Skelta held up the barrier line for the reeve to step under, and they walked on, into the crime scene proper. ‘Haven’t been able to make a positive match yet, sir,’ he went on. ‘Clinicians are on the way to check for dentition and blood-trace.’ The jager coughed, self-consciously. ‘He… doesn’t have a face, sir. And we found some loose teeth… But we’re not sure they were, uh, his.’

Yosef took that in without comment. ‘Go on.’

‘Norte’s foreman has been interviewed. Apparently, Norte clocked off at the usual time last night, heading home to his wife and son. He never arrived.’

‘The wife report it, did she?’

Skelta shook his head. ‘No, sir. They had some trouble, apparently. Their marriage contract was a few months from expiration, and it was causing friction. She probably thought he was out drinking up his pay.’

‘This from the foreman?’

The jager nodded. ‘Sent a mobile to their house to confirm his take on things.

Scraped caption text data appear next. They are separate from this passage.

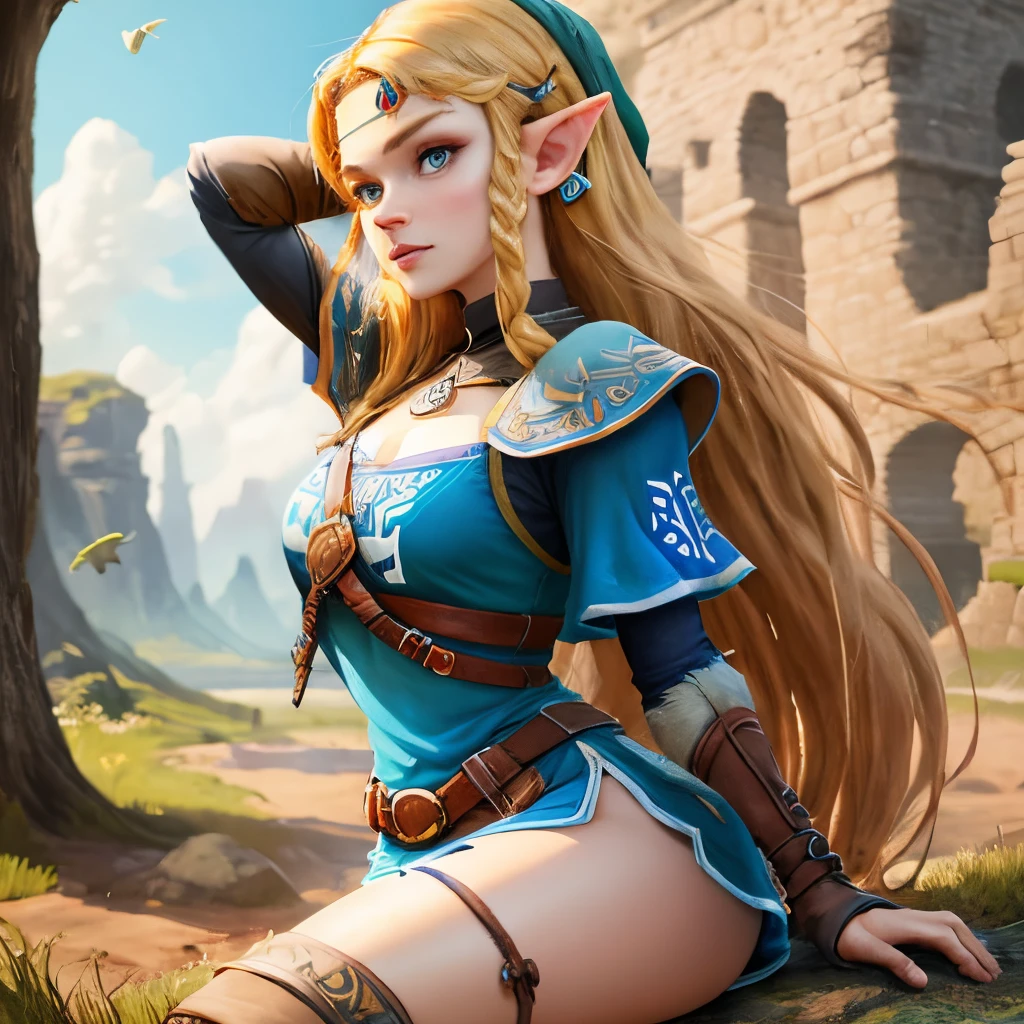 link,the legend of zelda,anklet,blonde hair,blue eyes,elf ears,femboy,girly,long hair,necklace,solo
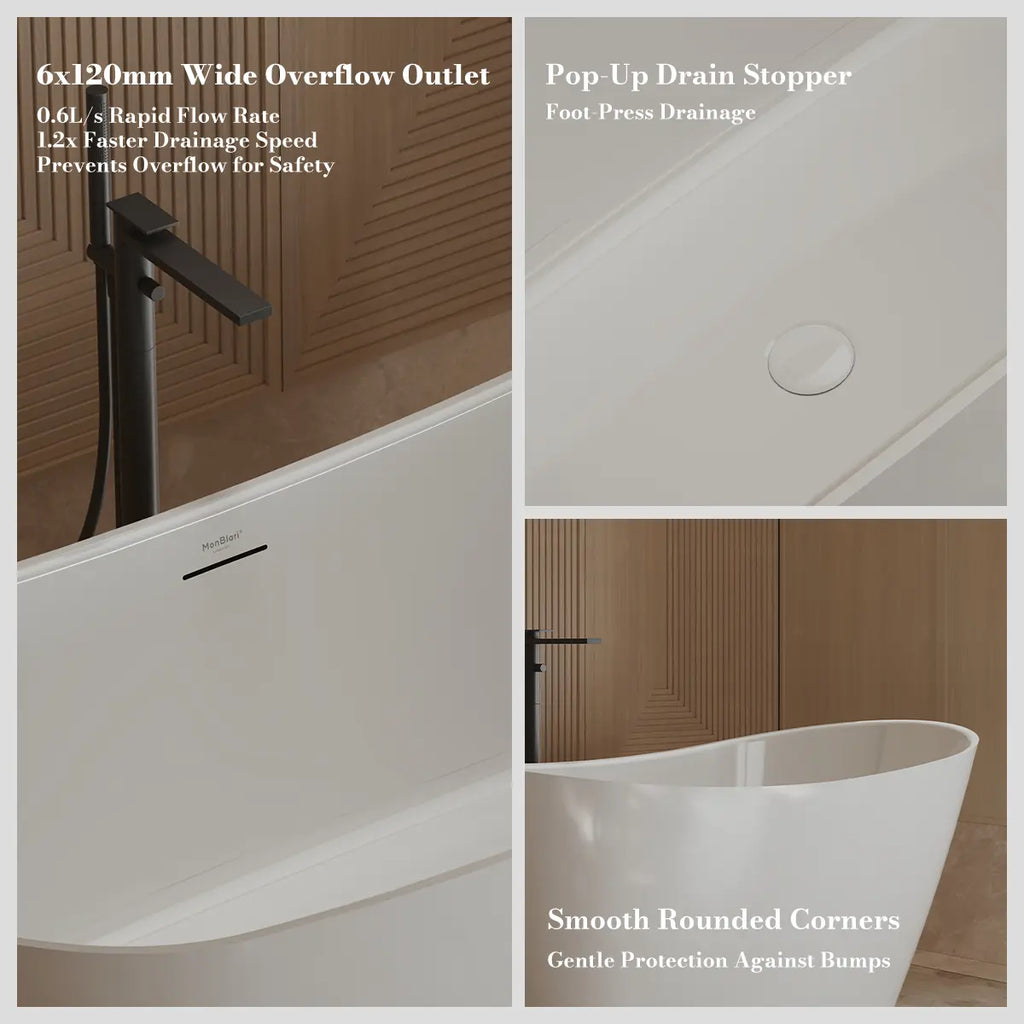 MonBlari TW-6612 White Acrylic Freestanding Bathtub 1520mm - 1690mm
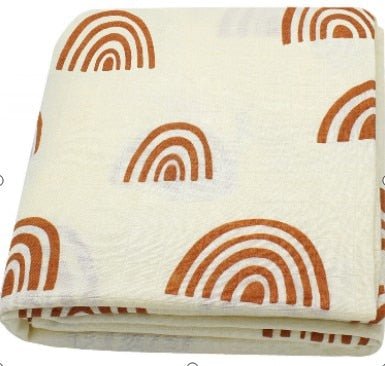 Newborn Baby Swaddle Blanket - Rainbow Beige 120x120cm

Waiting on a word.’

‘Was Norte drunk when he was killed?’

This time, Skelta couldn’t stop himself from shuddering. ‘For his sake, I hope so. Would have been a blessing for the poor bastard.’

Yosef sensed the fear in the other man’s words. Murder was not an uncommon crime on Iesta Veracrux; they were a relatively prosperous world that was built on the industry of wine, after all, and men who drank – or who coveted money – were often given to mistakes that led to bloodletting. The reeve had seen many deaths, some brutal, many of them sordid, each in their own way tragic; but all of them he had understood. Yosef knew crime for what it was – a weakness of self – and he knew the triggers that would bring that flaw to light. Jealousy, madness, sorrow… But fear was the worst.

And there was much fear on Iesta Veracrux these days. Here out in the ranges of the Ultima Segmentum, across the span of the galaxy from the Throne of Terra, the planet and its people felt distant and unprotected while wars were being fought, lines of battle drawn over maps their home world was too insignificant to grace. The Emperor and his council seemed so far away, and the oncoming storm of the insurrection churning sightless and unseen in the nearby stars laid a pall of creeping apprehension over everything. In every shadowed corner, people saw the ghosts of the unknown.